Vision architectures Flashcards
What is the purpose of SSD (Single Shot Multibox Detector) in vision tasks?
SSD is designed for real-time object detection, combining object localization and classification in a single forward pass.
What is R-CNN, and how does it work?
R-CNN (Region-Based Convolutional Neural Network) generates region proposals and classifies them using a CNN for object detection.
What does YOLO (You Only Look Once) specialize in?
YOLO is a real-time object detection model that predicts bounding boxes and class probabilities directly from images in a single pass.
What are Siamese Networks used for in vision tasks?
Siamese Networks are used for tasks like image similarity and verification by comparing embeddings of two input images.
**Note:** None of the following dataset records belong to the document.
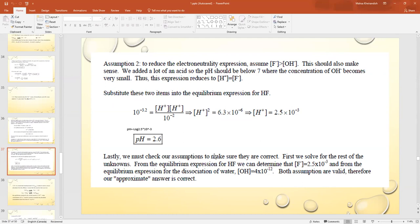To check assumptions, solve for the remaining unknowns: from the HF equilibrium, [F⁻] = 2.5 × 10⁻³ mol/L; from the water equilibrium, [OH⁻] = 4 × 10⁻¹². These confirm our assumptions are valid and the answer pH = 2.6 is approximately correct.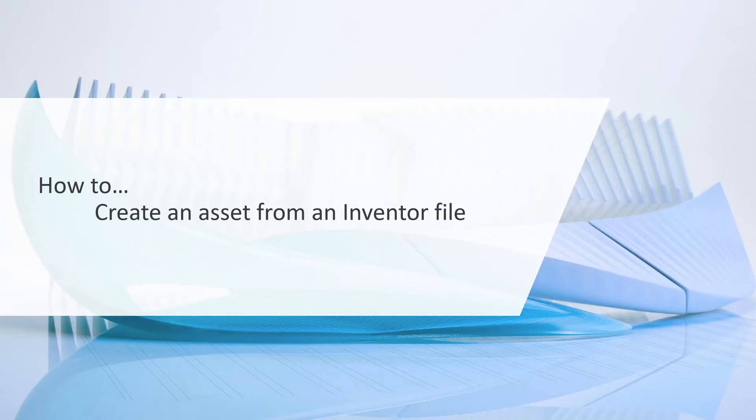Okay, we're going to start the Inventor section off with how to create an asset from an Inventor file.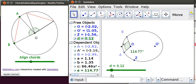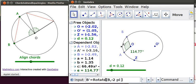Then we're going to do the same thing for point B. We're going to say B dashed equals rotate — we're rotating point B at an angle of minus 2πD, and we're rotating it around point O.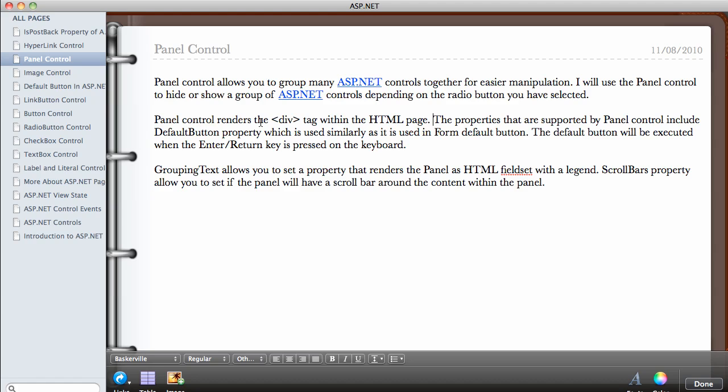When you use the Panel Control it actually generates the div tag. The properties that are supported by the Panel Control include... sorry I keep saying Control Panel, the properties that are supported by the Panel Control include: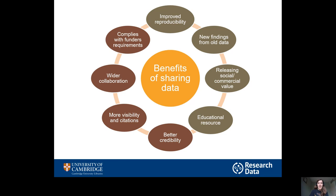The ones on the green side here are for society at large. Improved reproducibility is an important one. We know that sometimes results are not reproducible, so it's important that the data is available so that other researchers can check them and run them again and make sure that they are robust. But also, there might be whole new findings derived from data — somebody might come up with a whole new question that they can answer with your data, or they might combine your data with other datasets and answer broader questions. There are also cases when there's social or commercial value that you as a researcher might not be interested in pursuing, but others might be, and it's good to release that.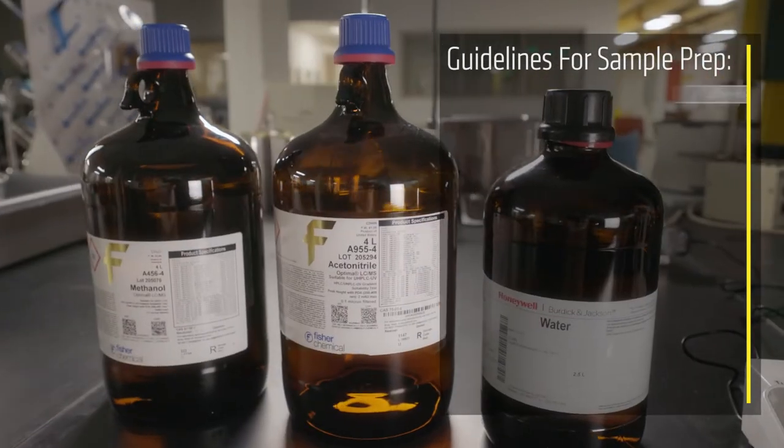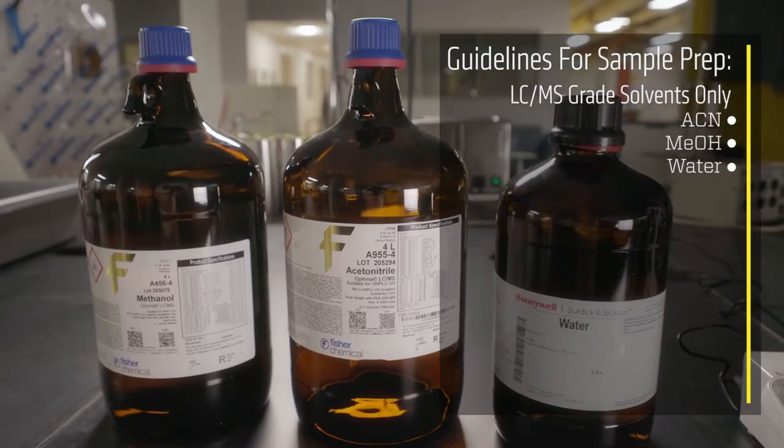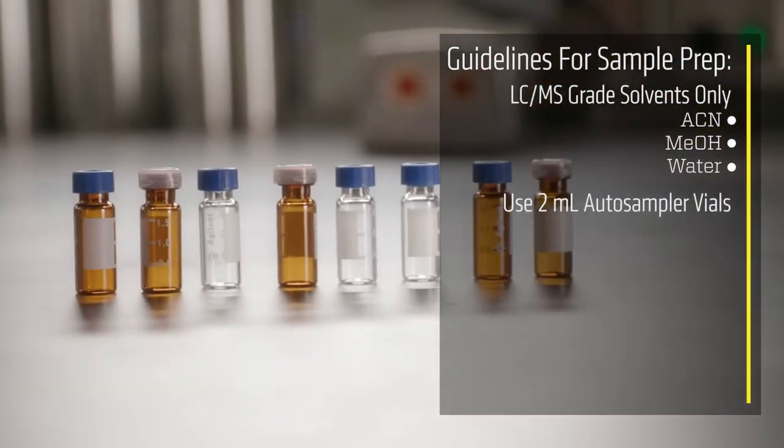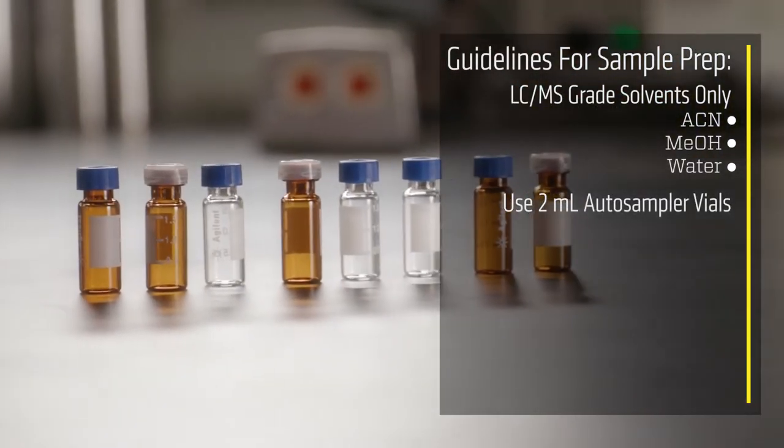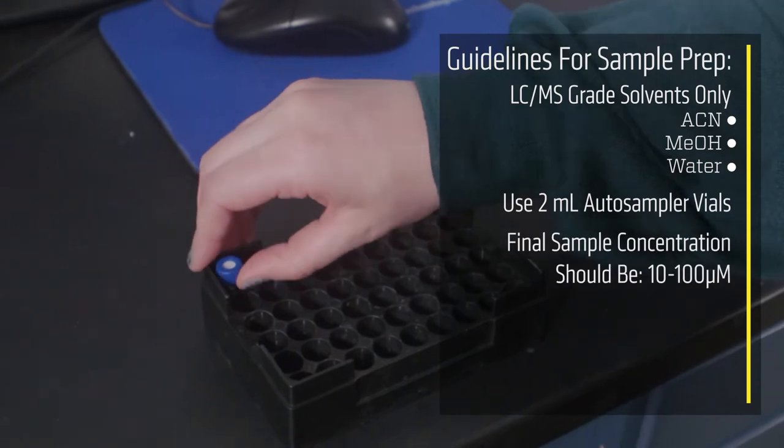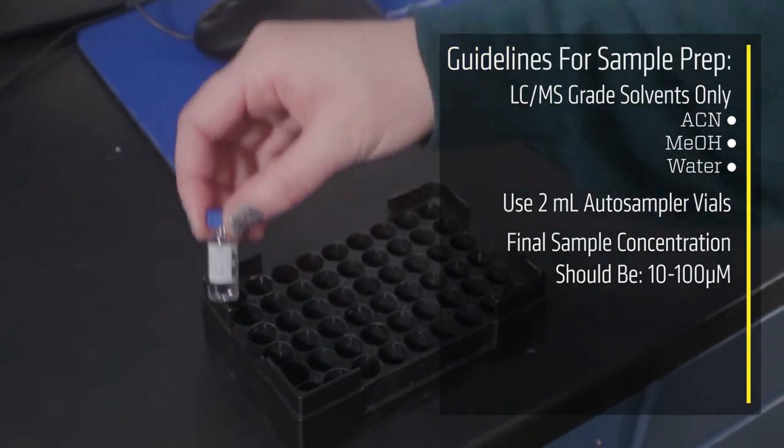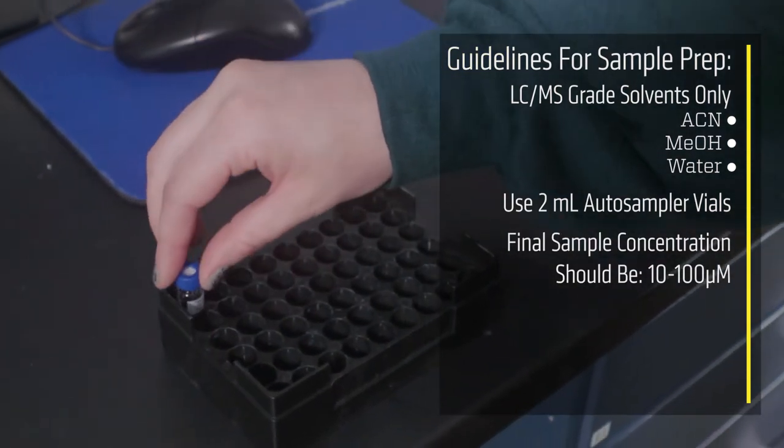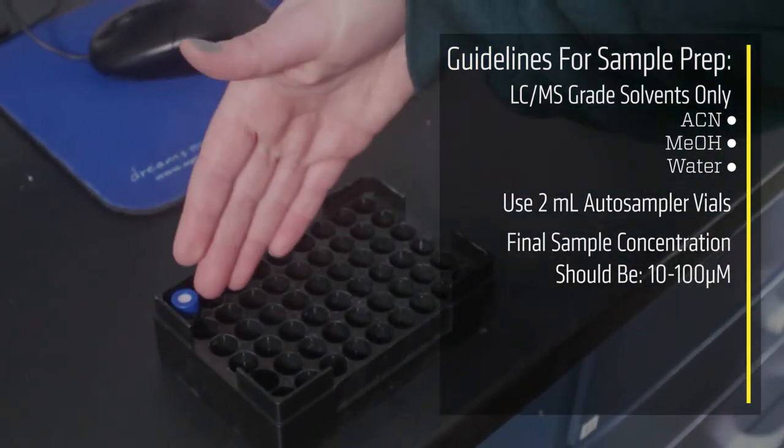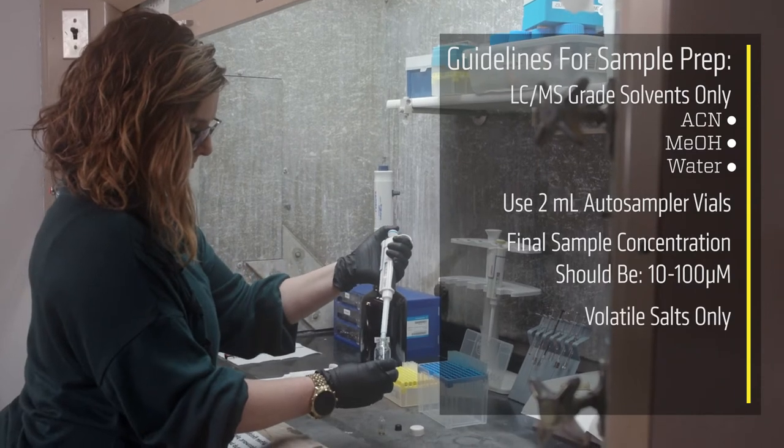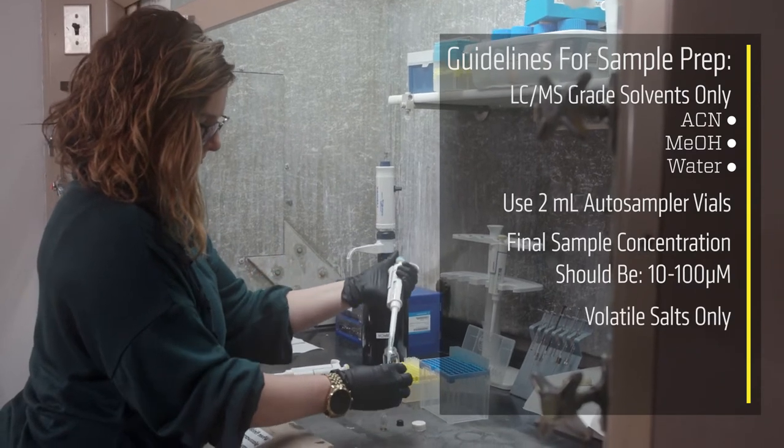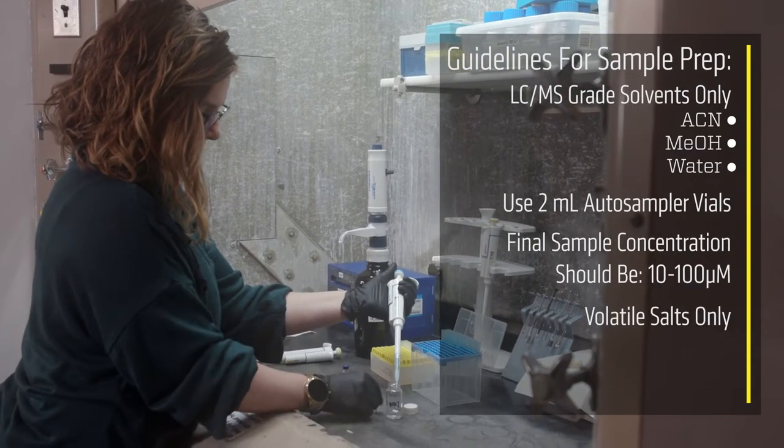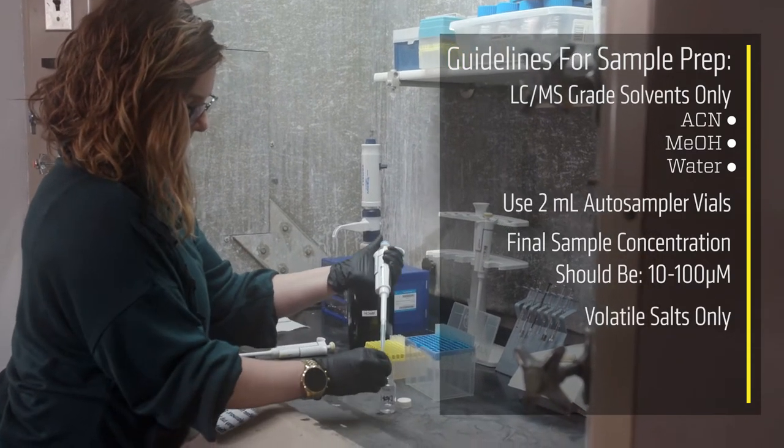Here are some important guidelines for sample prep: LC-MS grade solvents only. Use two milliliter autosampler vials. Final sample concentration should be between 10 and 100 micromolar. Your sample should not include salts unless they are volatile. Phosphate buffered samples must be purified.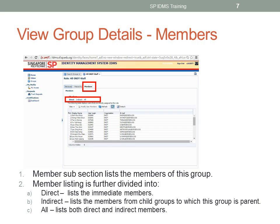This subsection's data is displayed by default. The second subsection is the Indirect section, which lists the members from child groups to which this group is parent. The third subsection is the All section, which lists members from both direct and indirect sections. Please take note: you have to click on the Indirect and All text to view the respective members.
What is EfficientNet, and why is it popular?
EfficientNet is a family of models that scales depth, width, and resolution efficiently to achieve high accuracy with fewer parameters.
What is Xception, and how does it improve upon traditional CNNs?
Xception uses depthwise separable convolutions to reduce computational cost while maintaining high performance.
What is MobileNet designed for?
MobileNet is optimized for mobile and embedded vision applications, using depthwise separable convolutions for efficiency.
What is ViT (Vision Transformer), and what makes it unique?
ViT applies the transformer architecture to image patches, achieving high performance without convolutional layers.
What is SegFormer used for in vision tasks?
SegFormer is a transformer-based model for semantic segmentation, combining global attention and lightweight architecture.
What is DeepLabv3, and what tasks is it used for?
DeepLabv3 is designed for semantic segmentation, utilizing atrous convolutions to capture multi-scale contextual information.
What is the Swin Transformer, and what is its innovation?
The Swin Transformer uses a hierarchical structure with shifted windows for efficient vision tasks, enabling scalability.